We had three and a half years before our meeting.
I used that time well. I had relationships, flings, crushes. With a few of those men, I wondered, “Is he The One?” For various reasons, the answer was never “Yes.” Might it have been “Yes” if Howard and I didn’t have our date planned?
Maybe, maybe not. In any case, most of my interactions with men, whether short or long-lasting, only strengthened my sense that Howard probably was The One and that I had been prudent to arrange our second chance.
A part of our agreement that didn’t make it onto the dollar bill was that we would tell no one, a rule I promptly forgot. At some point, I told my best friend. She thought the plan was creative (but felt bad for the guy I was seeing at the time). I also told my mother, which was a mistake.
At the five-year mark, I was living in Minneapolis. I was in a relationship that had been staggering along for months. As for Howard and me, we hadn’t spoken or communicated at all for a couple of years. I vaguely knew of his whereabouts from mutual friends, but this was before cellphones, the internet and email, a bygone era where you could actually lose touch with people and not know how to contact them even if you wanted to.

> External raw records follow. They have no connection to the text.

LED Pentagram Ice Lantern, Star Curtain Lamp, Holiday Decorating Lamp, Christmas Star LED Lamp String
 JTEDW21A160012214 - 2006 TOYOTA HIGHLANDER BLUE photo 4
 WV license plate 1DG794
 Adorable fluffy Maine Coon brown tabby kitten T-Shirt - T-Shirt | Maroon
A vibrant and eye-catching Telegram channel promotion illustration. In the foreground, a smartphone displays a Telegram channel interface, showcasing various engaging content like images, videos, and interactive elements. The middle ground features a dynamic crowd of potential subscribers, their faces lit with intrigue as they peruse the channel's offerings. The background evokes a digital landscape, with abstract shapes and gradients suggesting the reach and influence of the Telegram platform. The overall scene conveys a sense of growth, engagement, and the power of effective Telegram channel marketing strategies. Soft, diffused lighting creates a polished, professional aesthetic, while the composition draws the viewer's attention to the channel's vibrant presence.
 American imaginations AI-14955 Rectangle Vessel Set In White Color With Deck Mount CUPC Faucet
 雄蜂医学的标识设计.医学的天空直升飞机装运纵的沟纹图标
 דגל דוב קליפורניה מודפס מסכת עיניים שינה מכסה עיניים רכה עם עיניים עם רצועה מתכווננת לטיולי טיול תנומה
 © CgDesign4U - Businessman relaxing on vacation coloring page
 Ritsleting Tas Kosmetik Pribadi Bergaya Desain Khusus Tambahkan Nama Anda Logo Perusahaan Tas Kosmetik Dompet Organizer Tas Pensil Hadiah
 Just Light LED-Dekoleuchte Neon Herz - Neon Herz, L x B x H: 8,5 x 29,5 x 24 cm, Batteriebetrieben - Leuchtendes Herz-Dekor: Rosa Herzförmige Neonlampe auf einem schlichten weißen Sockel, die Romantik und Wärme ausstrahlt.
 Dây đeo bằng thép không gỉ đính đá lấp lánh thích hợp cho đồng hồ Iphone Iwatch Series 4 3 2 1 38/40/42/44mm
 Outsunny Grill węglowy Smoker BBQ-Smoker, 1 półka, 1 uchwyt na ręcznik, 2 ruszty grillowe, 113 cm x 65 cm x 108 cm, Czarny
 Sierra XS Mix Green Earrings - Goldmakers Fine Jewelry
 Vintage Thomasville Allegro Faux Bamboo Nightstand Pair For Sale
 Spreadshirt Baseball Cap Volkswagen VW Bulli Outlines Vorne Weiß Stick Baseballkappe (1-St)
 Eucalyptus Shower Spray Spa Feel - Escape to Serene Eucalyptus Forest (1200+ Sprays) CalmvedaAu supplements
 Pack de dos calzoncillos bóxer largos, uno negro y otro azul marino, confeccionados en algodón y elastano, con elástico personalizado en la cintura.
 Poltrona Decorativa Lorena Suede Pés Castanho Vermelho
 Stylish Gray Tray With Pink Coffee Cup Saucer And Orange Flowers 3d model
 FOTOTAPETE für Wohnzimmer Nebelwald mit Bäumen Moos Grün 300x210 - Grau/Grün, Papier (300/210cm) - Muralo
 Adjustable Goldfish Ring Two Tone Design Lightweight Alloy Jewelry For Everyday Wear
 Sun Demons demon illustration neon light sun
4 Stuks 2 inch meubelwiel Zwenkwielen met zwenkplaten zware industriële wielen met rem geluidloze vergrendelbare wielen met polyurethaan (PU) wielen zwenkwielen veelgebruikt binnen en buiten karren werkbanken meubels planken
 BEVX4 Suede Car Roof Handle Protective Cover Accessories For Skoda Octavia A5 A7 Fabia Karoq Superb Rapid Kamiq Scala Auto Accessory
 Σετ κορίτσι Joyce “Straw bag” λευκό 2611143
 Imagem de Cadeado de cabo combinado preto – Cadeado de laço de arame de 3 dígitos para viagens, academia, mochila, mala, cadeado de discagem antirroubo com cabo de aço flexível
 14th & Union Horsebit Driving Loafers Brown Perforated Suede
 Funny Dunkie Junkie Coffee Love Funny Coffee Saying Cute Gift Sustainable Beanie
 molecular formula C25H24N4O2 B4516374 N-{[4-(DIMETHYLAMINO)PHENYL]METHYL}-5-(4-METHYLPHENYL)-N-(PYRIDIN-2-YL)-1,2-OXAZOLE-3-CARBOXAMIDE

That’s what had happened with us.
Nevertheless, a few days before that first Sunday in May, I flew home to the Jersey suburbs for a visit with my mother, planning to head into the city for the weekend. My sister had an apartment on the Upper West Side, and it would be nothing unusual for me to stay with her because I always did when I visited.
But my mother kept suggesting an alternative plan, arguing that it would be better to go into New York when my sister wasn’t working (as a restaurant employee, she was busiest on weekends).